___ RECORDS
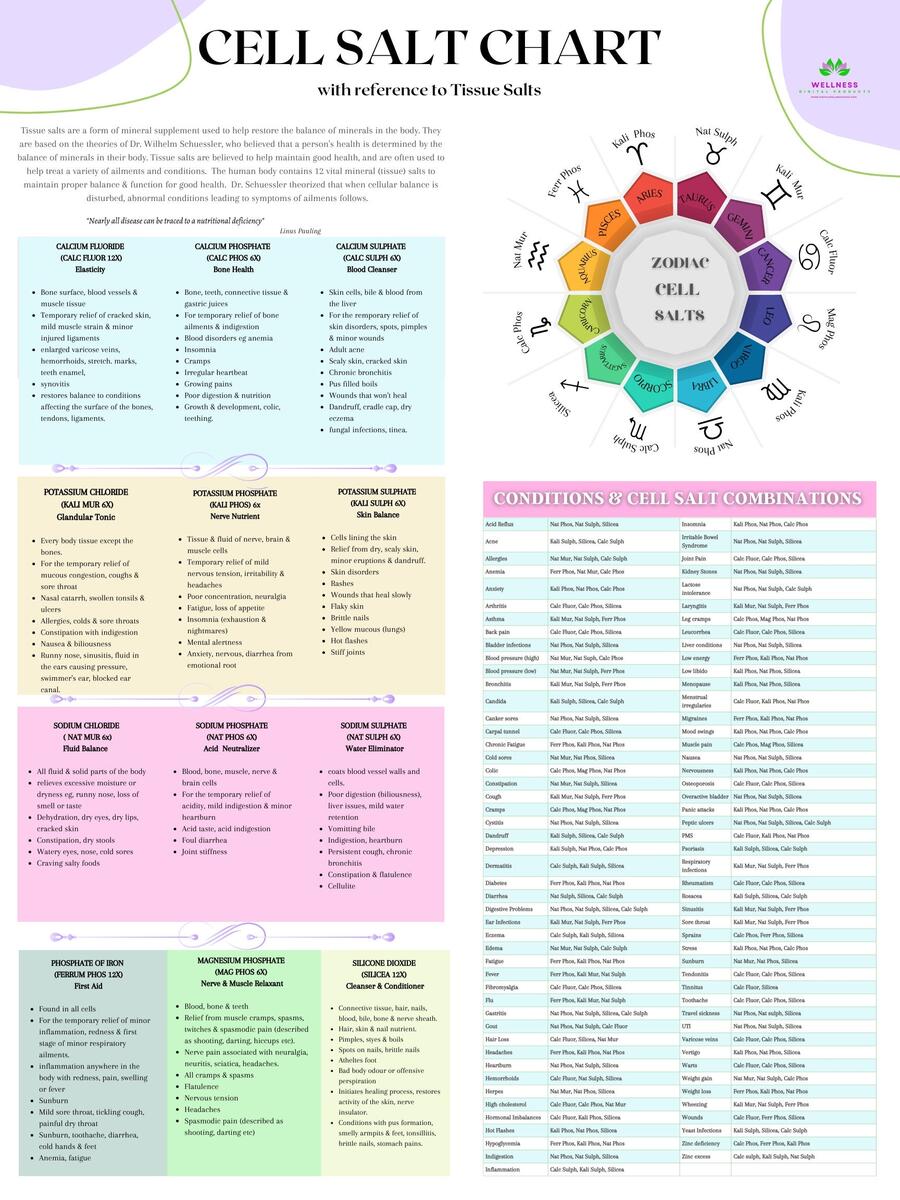 TISSUE CELL SALT Digital Chart Etsy Canada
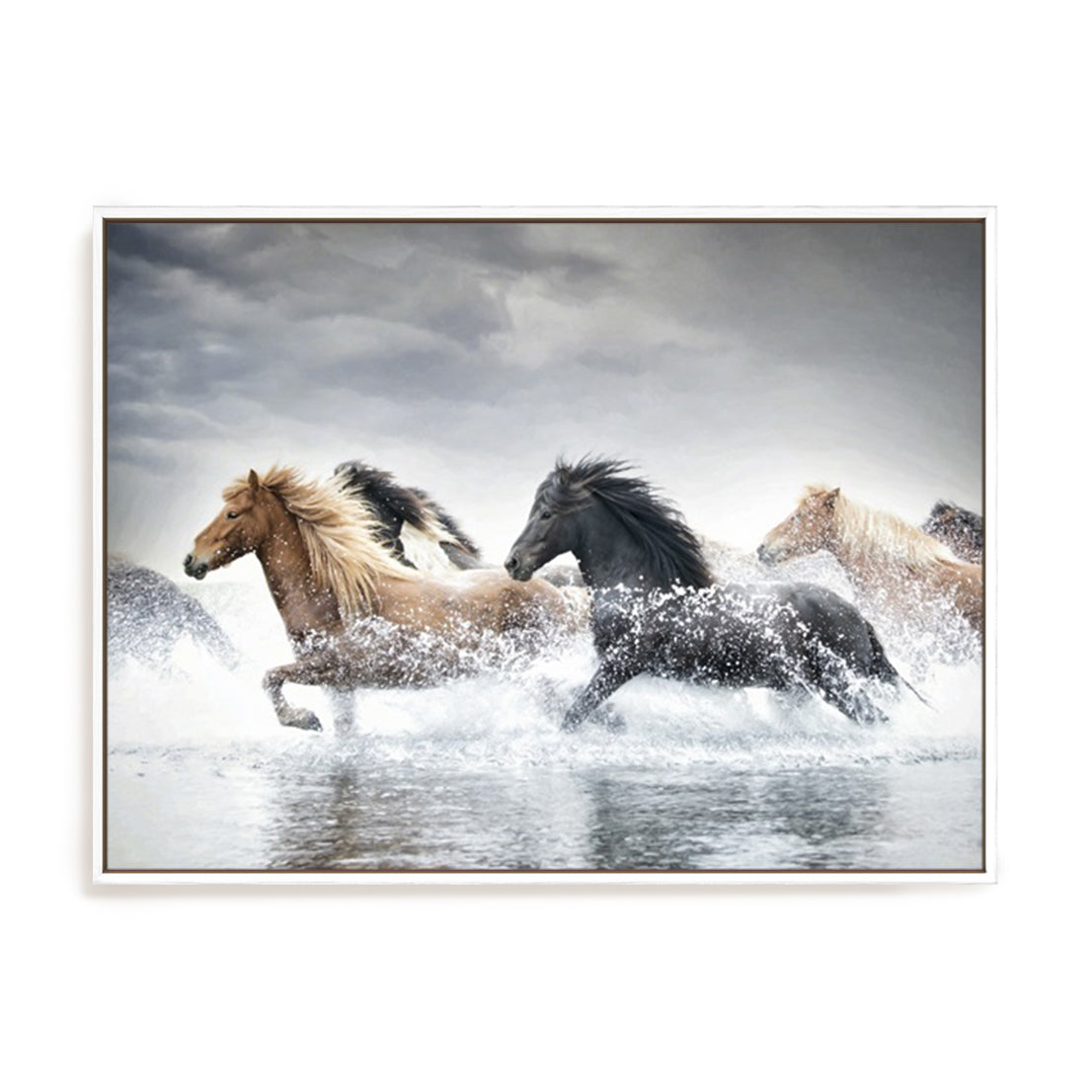 Horse Run V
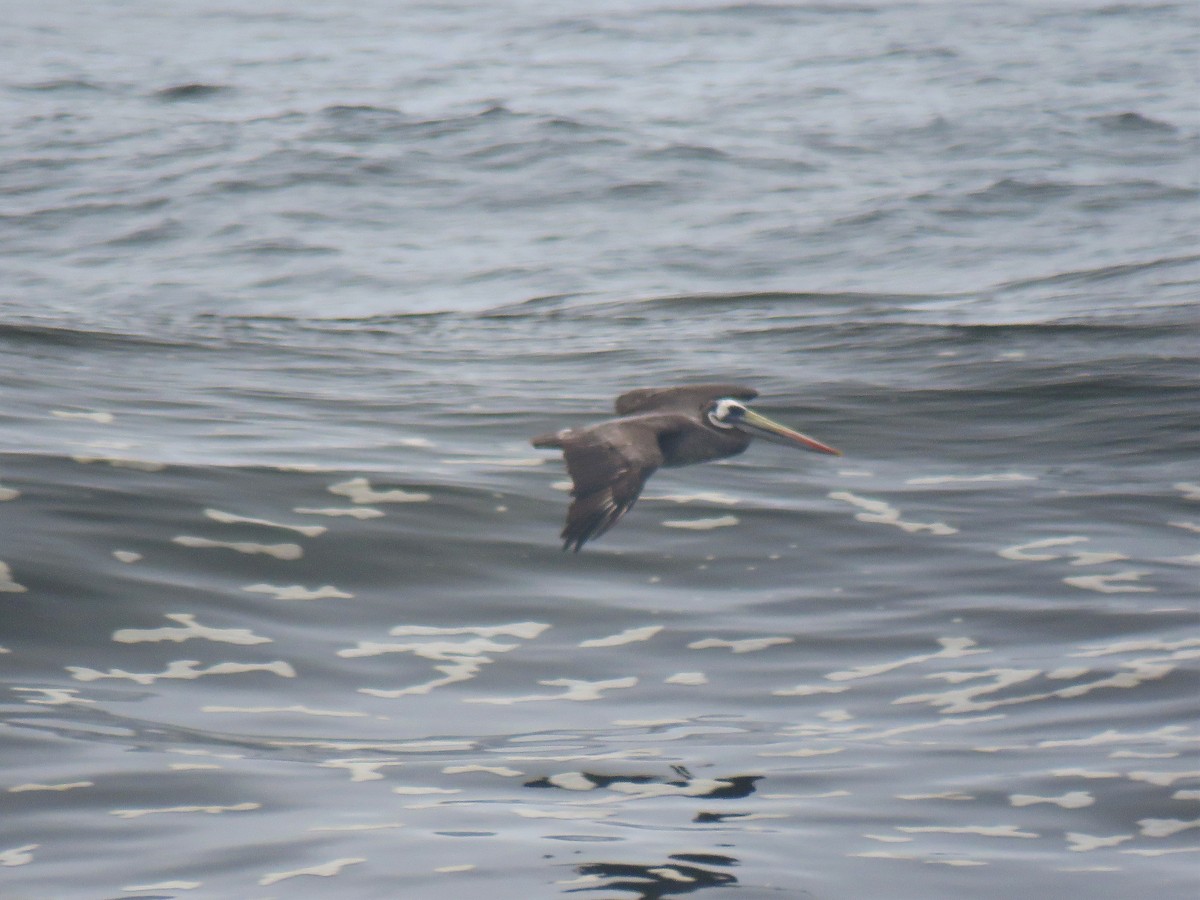 Peruvian Pelican - ML610847073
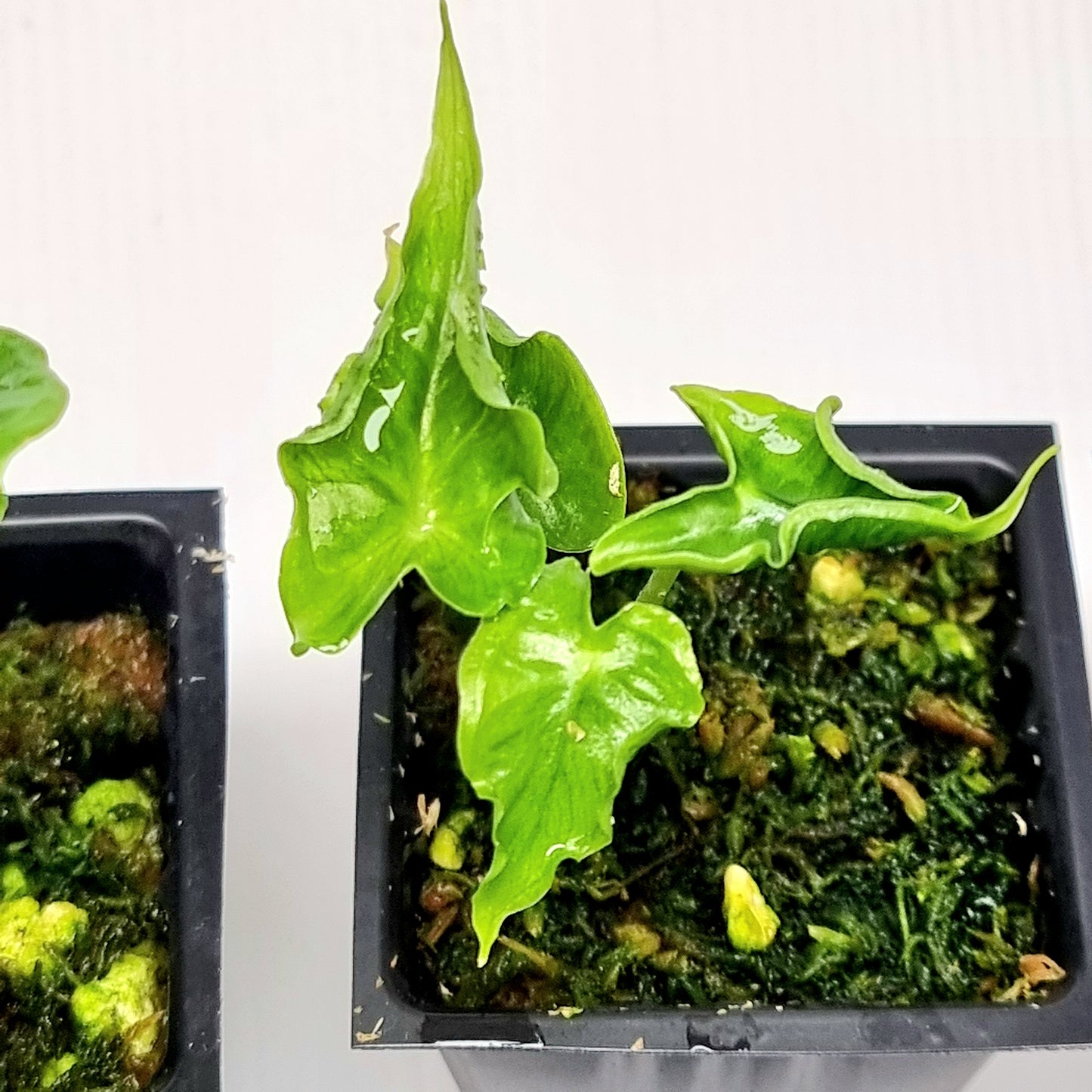 Alocasia teletubbies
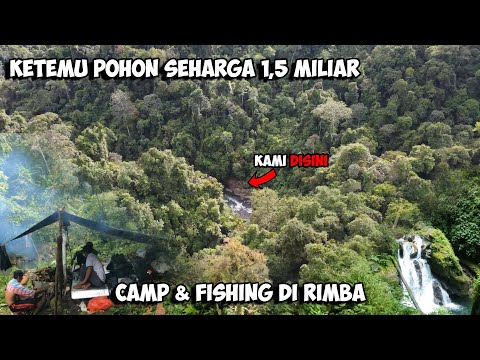 Petualangan Jauh Ke Dalam Hutan Berburu Ikan Sidat Sebesar Tiang Listrik Camp Fishing Adventure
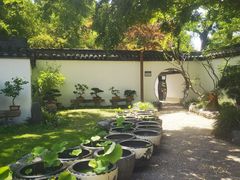 -上海醉白池公园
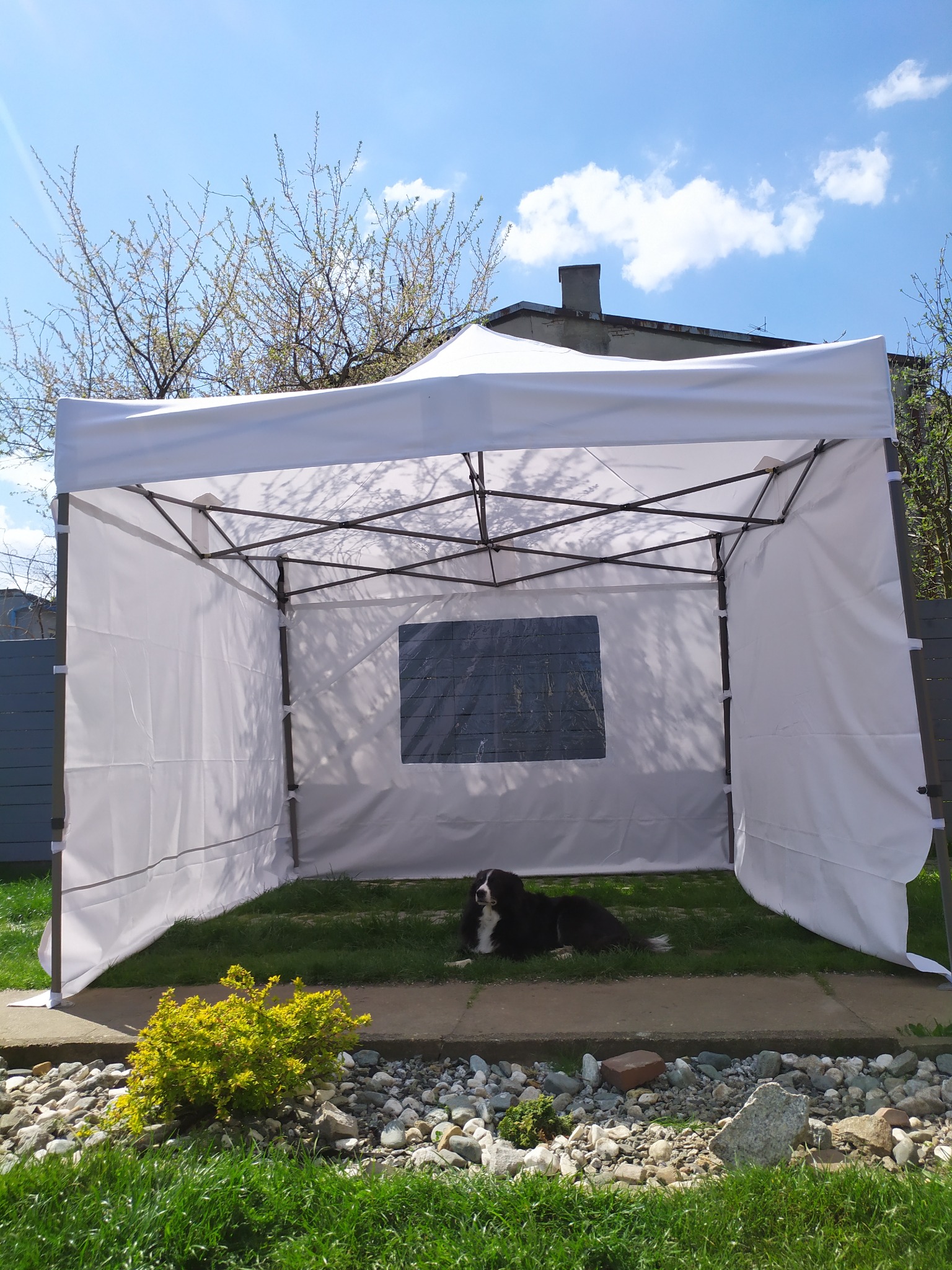 Rozłożony biały namiot na trawie w ogrodzie, z relaksującym się psem rasy border collie w środku, widoczne kamienie i krzew, błękitne niebo w tle.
______
■ **TASK DIRECTIONS**
Exactly the lines from the one with "Petualangan Jauh Ke" through the end of the records are to be repeated, both ends included, and pictures are to be omitted.

■ **RESULT OF THIS EXERCISE**
 Petualangan Jauh Ke Dalam Hutan Berburu Ikan Sidat Sebesar Tiang Listrik Camp Fishing Adventure
 -上海醉白池公园
 Rozłożony biały namiot na trawie w ogrodzie, z relaksującym się psem rasy border collie w środku, widoczne kamienie i krzew, błękitne niebo w tle.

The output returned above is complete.